Never Trust a Politician

One of my more persistent critics on this site asked, last week, why I might believe anything the current president says — considering all the lies.

For reasons of decorum I won’t repeat his exact wording.

The odd thing about the comment was not the vulgarity, though (unfortunately). It was the idea that I was relying upon belief in Donald Trump’s veracity. The whole point of my commentary regarding Trump’s handling of trade and foreign policy was to read between some lines.

I try never to believe anything … er, everything … any politician says.

In Donald Trump’s case, though, there are lies and there are fictions and there are exaggerations.

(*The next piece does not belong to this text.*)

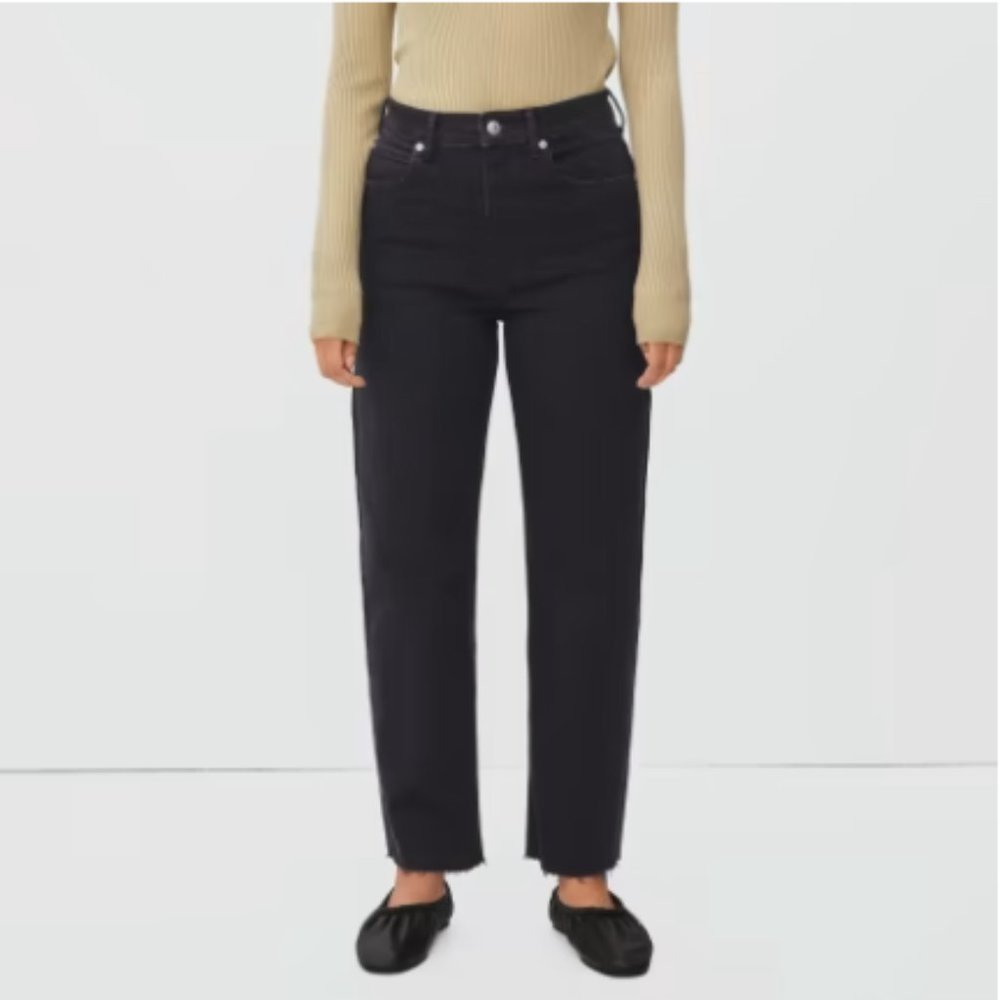 Everlane Way-High Jean in Coal size 27 women's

And corkers … and “negotiating gambits.” Separating the wheat from the chaff from the grindstone is not always easy.

Based not only on some of what he says, but also on results-​thus-​far from the EU negotiations, Trump’s idea of “fair trade” appears to be multilateral free trade. But he has chosen a bizarre method to get there: the threat of high-​tariff protectionism — which in the past has led to multilateral protectionism, not free trade.

Trump sees everything as a contest. Trade isn’t a contest as such. It’s win-​win. But trade negotiations are contests. And Trump’s game of chicken is dangerous.

Regarding foreign policy generally, though, he seems to be playing a more familiar game: we can outspend everybody. The recent increase in Pentagon spending is bigger than Russia’s annual military budget!

So, who pays? Americans in

  1. higher taxes and 
  2. the consequences of massive debt, as well as in
  3. the higher prices from his tariffs.

That’s awfully daring of him. For us.

This is Common Sense. I’m Paul Jacob.